Thanks, BLI! Great article this week about cutting your phone bill.
Thanks for the share, WP! And congrats on the the blog! I’ve noticed that you’ve been killing it with the posts over the past few weeks.
Thanks, SRGO. I really liked your infographic detailing the baby steps you describe in the post.
I am really curious to see how Telemedicine works in the future. It seems like it should be a win/win for patients and doctors since patients will be able to get care from the comfort of their homes. I do wonder how much the in person contact with the patient will take about from Telemedicine. Needless to say I am very open for a perceived simple diagnosis 🙂
A lot of routine medicine with your PCP is done by phone, so I could see tele-medicine to be an enhancement over telephone medicine.
I think the telemedicine scene is interesting to watch. Large medical groups are changing their business models to reflect seeing 60-70% of their patient load virtually. The HMO’s are leading the charge which is often a sign of similar changes to come.
Medicine as whole likely would suffer a bit because seeing a patient virtually is not the same as seeing a patient in person but we are seeing that debate unfold now. To my knowledge, no major legal case has been won against negligence on a virtual platform.
As for brick & mortar spaces, it’s interesting that things haven’t shaken up much more than they have already. Realtor fees are unchanged though some companies are advertising fixed prices. 3-5 year commercial leases are still fairly common-place which I think deters companies from signing a lease.

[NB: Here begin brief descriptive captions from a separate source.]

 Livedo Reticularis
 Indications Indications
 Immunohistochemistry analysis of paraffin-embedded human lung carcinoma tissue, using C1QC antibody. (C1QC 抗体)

Multiuse buildings (residential plus commercial) are being built in far larger numbers than before which is a move in the right direction. Cities, however, are holding on to their strict permitting rules which will halt any chance for retail space revitalization.
For now, we’ll keep seeing more malls turned into apartment complexes.
Thanks for your comments, Dr. Mo. I’m interested as well in how telemedicine evolves over the next decade.